- Opening Delimiter -
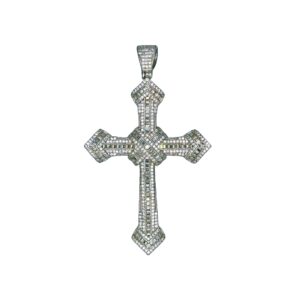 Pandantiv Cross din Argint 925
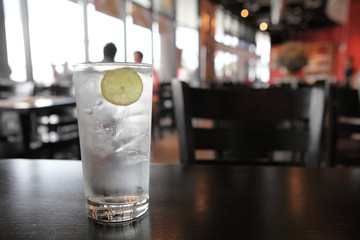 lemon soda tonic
- Closing Delimiter -
- Opening Delimiter -
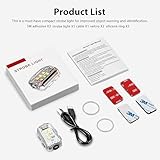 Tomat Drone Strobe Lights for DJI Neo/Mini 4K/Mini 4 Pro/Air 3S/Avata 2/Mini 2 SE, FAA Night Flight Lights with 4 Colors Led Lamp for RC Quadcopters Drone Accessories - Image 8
- Closing Delimiter -
= ACTIVITY =
Among the lines above, the one with "Pandantiv Cross din Argint 925" opens the part to repeat and the one with "lemon soda tonic" closes it; repeat only that part exactly, with no pictures.

= TASK RESPONSE =
 Pandantiv Cross din Argint 925
 lemon soda tonic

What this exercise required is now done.